Now again we see God using terms like “every living creature” (4x). “every” (3x), “all” or “all flesh” (5x) which it all inclusive to say the least and leaves no room in the text for a local application. Then it seems more than coincidence that the very first indication of this promise found in Genesis 6:18 is repeated here seven times the perfect number God uses may times in Scripture, Then there is the fact that the word for the “flood” used here is never used for a local flood and is preceded by the definite article to distinguish it as the Flood, not just any flood. And if the promise is for a supposed local flood, God has broken the promise many times since and since God cannot lie it seems clear we are back to seeing a universal flood in this narrative.  And here is an interesting provable scientific observation. The rainbow cloud that appears for the first time here is possible only when there are liquid droplets in the air but before the flood the waters above the earth were only water vapor that cannot produce a rainbow. It’s now impossible for enough water to raise from earth’s oceans.

 

A new commandment Surely I will require your lifeblood; from every beast I will require it. And from every man, from every man’s brother I will require the life of man. “Whoever sheds man’s blood, By man his blood shall be shed, For in the image of God He made man. We know one of the characteristics of the time before was that it was “filled with violence” which includes murder when God forbid that any vengeance be taken on Cain for his murder of Abel.

 

Now to summarize the main points of this extended exposition, here’s a few questions posed by one author that puts the issue of a local versus universal flood in perspective.

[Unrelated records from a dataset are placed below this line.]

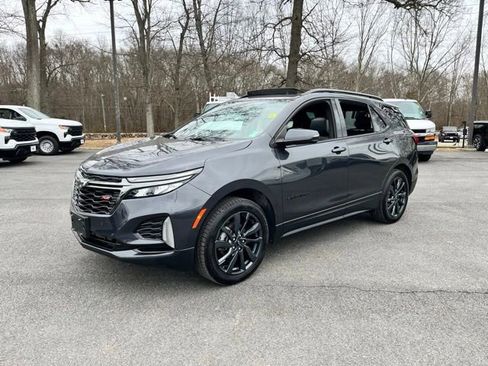 Used 2022 Chevrolet Equinox RS w/ Infotainment Package image 2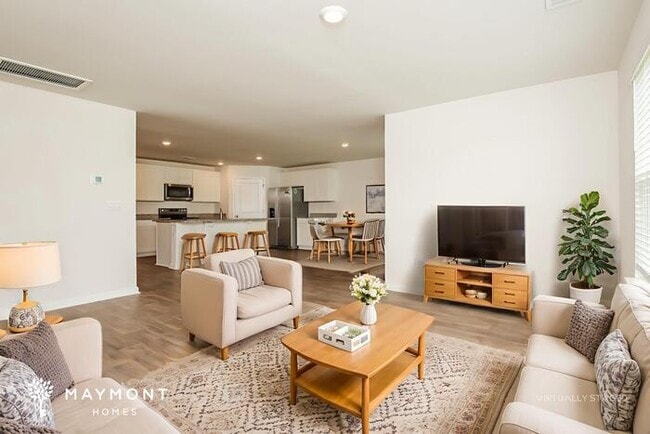 Photo - 105 Clover Walk Dr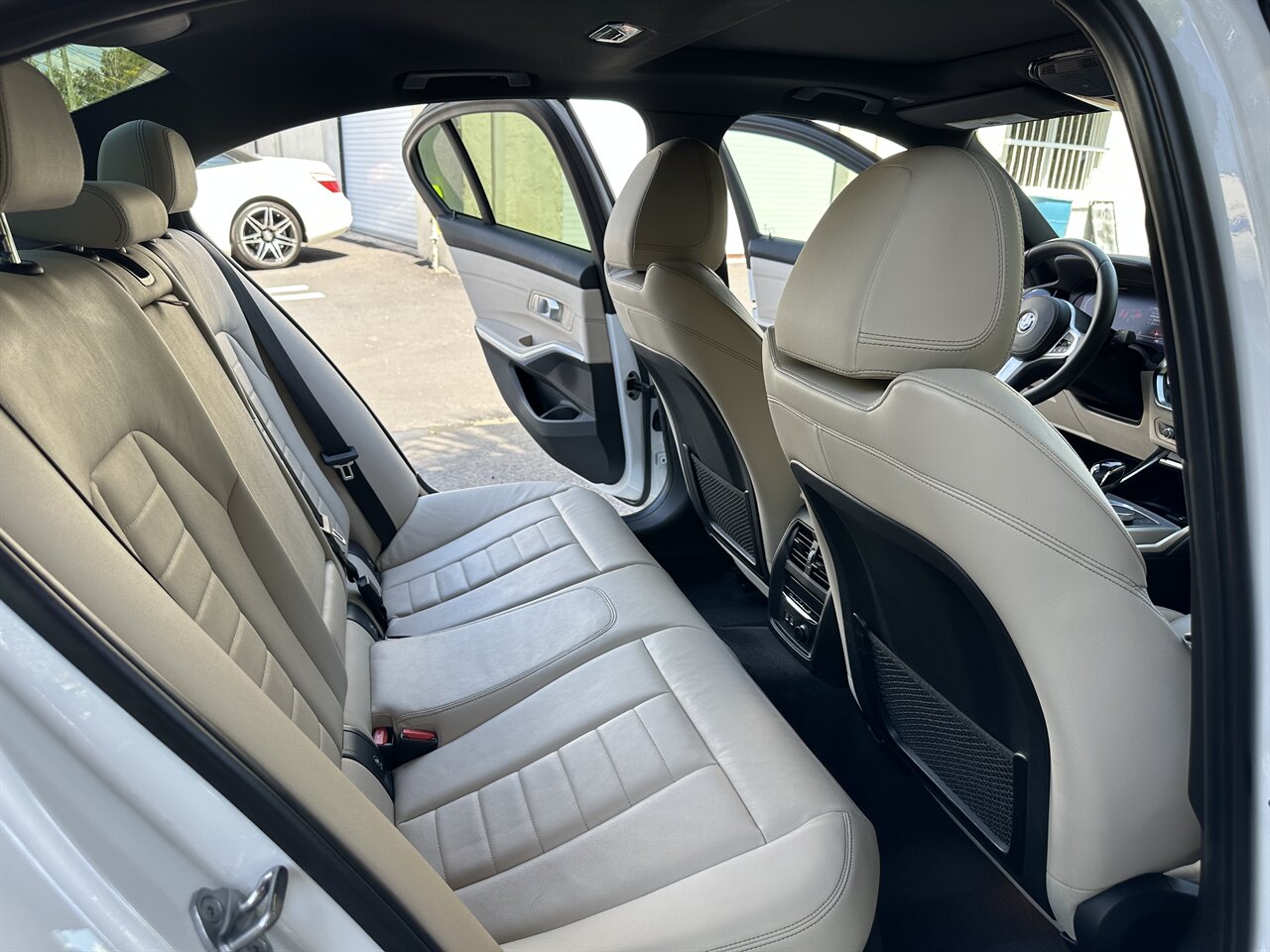 2019 BMW 3 Series 330i   - Photo 10 - West Palm Beach, FL 33409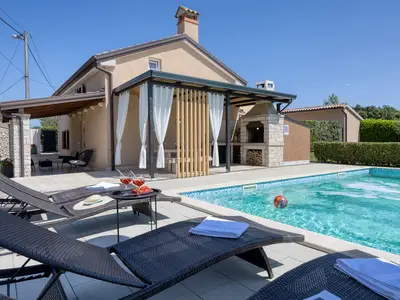 Villa für 5 Personen (90 m²) in Ružici 9/10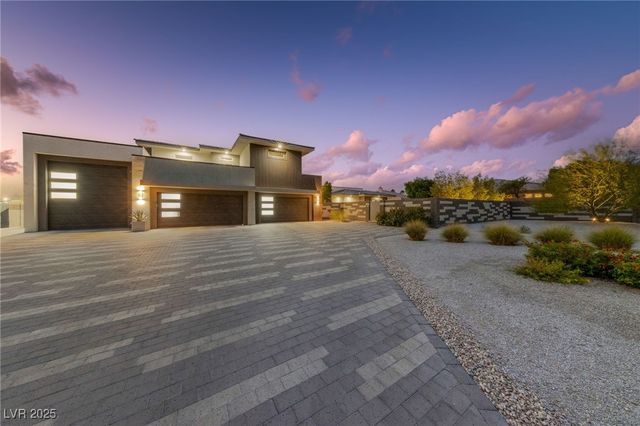 4050 North Tomsik Street, Las Vegas, NV 89129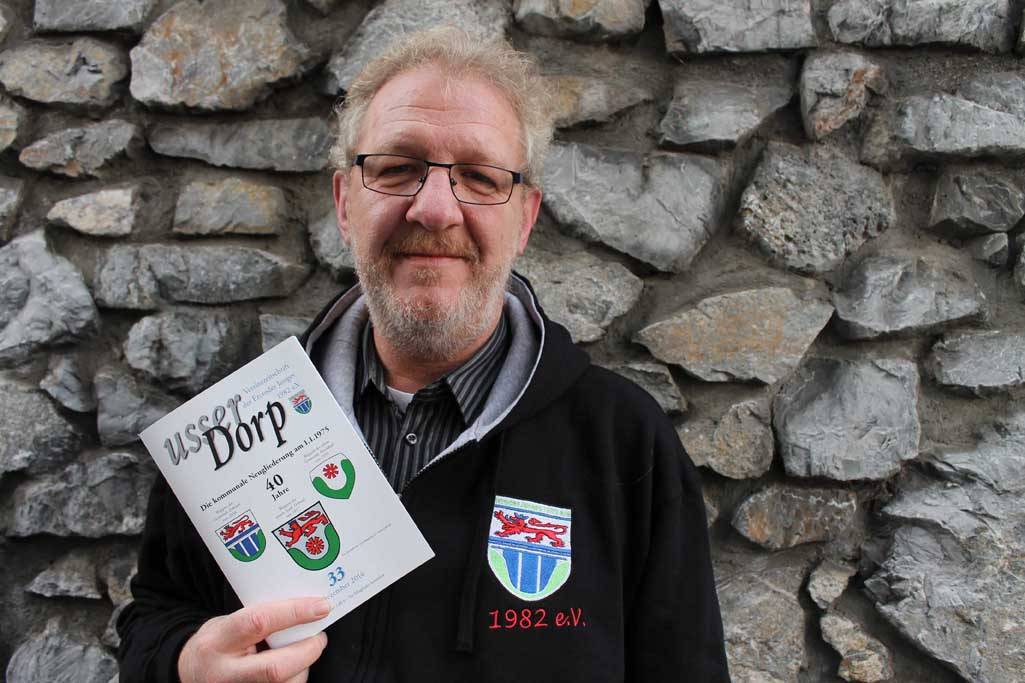  Holger Johan mit der aktuellen Ausgabe von "Usser Dorp". 
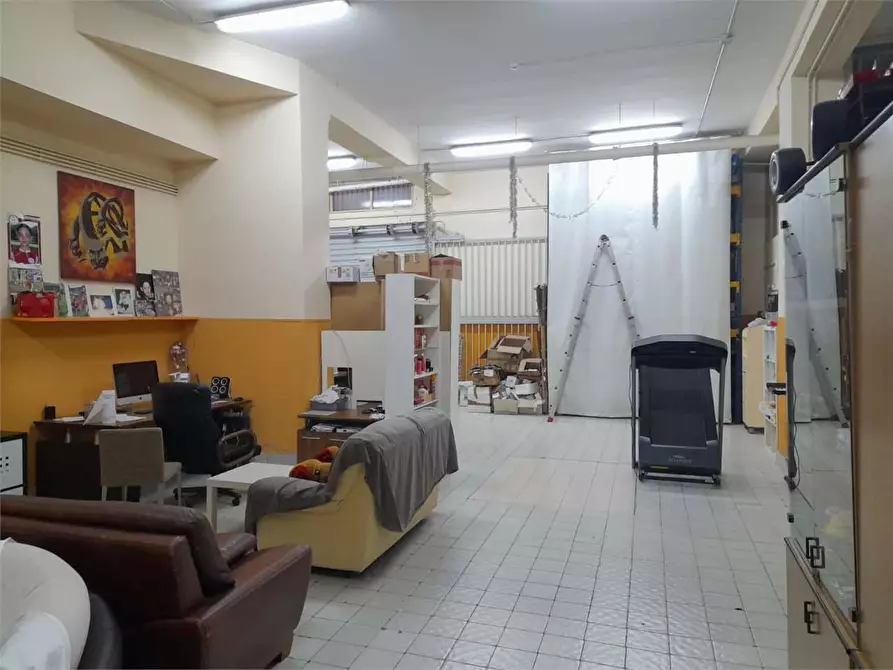 Immagine 9 di Garage in vendita  a Bitonto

  • If the Flood was local, why did Noah have to build an Ark? He could have walked to the other side of the mountains and missed it.
  • If the Flood was local, why did God send the animals to the Ark so they would escape death? There would have been other animals to reproduce their kind.
  • If the Flood was local, why was the Ark big enough to hold all kinds of land vertebrate animals that have ever existed? If only Mesopotamian animals were aboard, the Ark could have been much smaller.
  • If the Flood was local, why would birds have been sent on board? These could simply have winged across to a nearby mountain range.
  • If the Flood was local, how could the waters rise to 15 cubits (8 meters) above the mountains (Genesis 7:20)? Water seeks its own level. It couldn’t rise to cover the local mountains while leaving the rest of the world untouched.
  • If the Flood was local, people who did not happen to be living in the vicinity would not be affected by it. They would have escaped God’s judgment on sin. If this happened, what did Christ mean when He likened the coming judgment of all men to the judgment of “all” men (Matthew 24:37–39) in the days of Noah? A partial judgment in Noah’s day means a partial judgment to come.
  • If the Flood was local, God would have repeatedly broken His promise never to send such a flood again.

 

And here’s a few more ways to ask those questions:

  • If the flood were local and only a smaller ark was required why did it take maybe a hundred years for Noah to build it? Why stay in the ark so long for a local flood?
  • If the flood were local why did the waters cover the earth for over a year?
  • If the flood were local why did God again and again reemphasize that “every living creature” died, and “all flesh” were wiped out, and the waters covered “all” the earth”? By the way the all-inclusive word “all” is used 72 times in a total of 85 verses. And if someone argues that there are times when all doesn’t mean “all” please note all the times God uses all in context to make His point He means all. I personally consider it an insult to Him to put words in His mouth to say not at all.

 

As I conclude today’s program it’s important to compare Scripture with Scripture that also confirms our conclusions seen in three important texts two of which I close with today. (a) Job 36:8-11 says “Who enclosed the sea with doors on, when I placed boundaries on it and I set a bolt and doors and I said Thus far you shall come, but no further, and here your proud waters shall stop” Then Psalm 104:9 says it again a thousand years later: “Though didst set a boundary that they may not pass over: that they return not to cover the earth.” So no question at all-God was in control.